── Input data ──

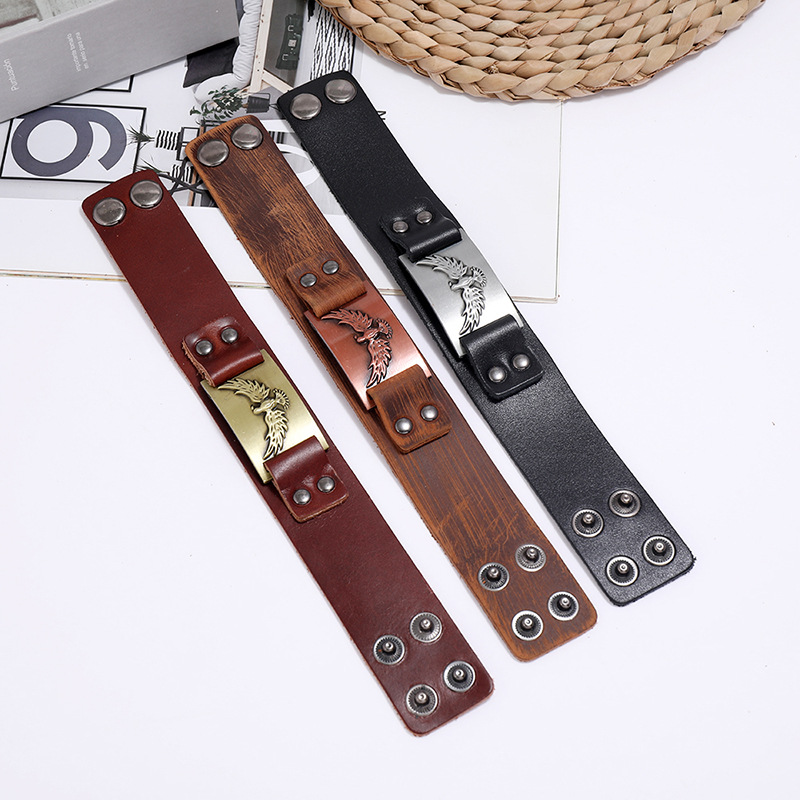 retro punk leather bracelet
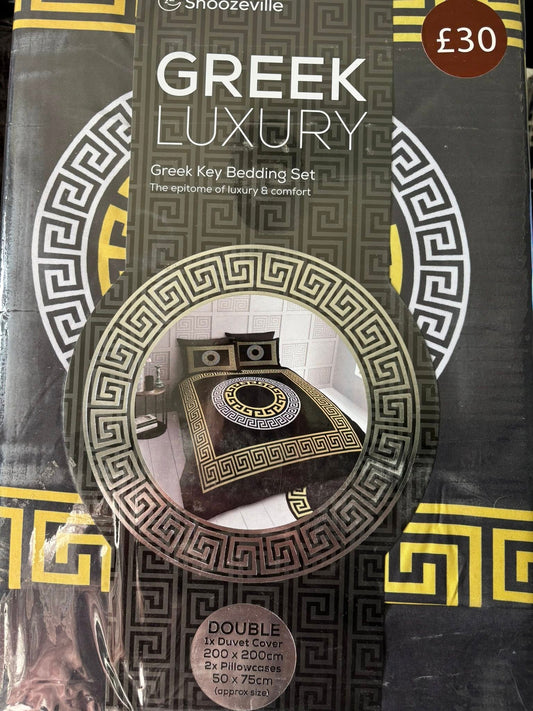 LUXURY GREEK BEDDING BLACK AND GOLD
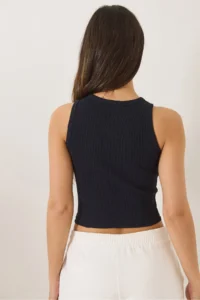 Bianco Lucci Women's Ribbed Halter Neck Camisole Basic Crop Top Undershirt - Image 6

───

- Work to be completed
All of the data should be returned word for word, with each picture left out.

- Written response
 retro punk leather bracelet
 LUXURY GREEK BEDDING BLACK AND GOLD
 Bianco Lucci Women's Ribbed Halter Neck Camisole Basic Crop Top Undershirt - Image 6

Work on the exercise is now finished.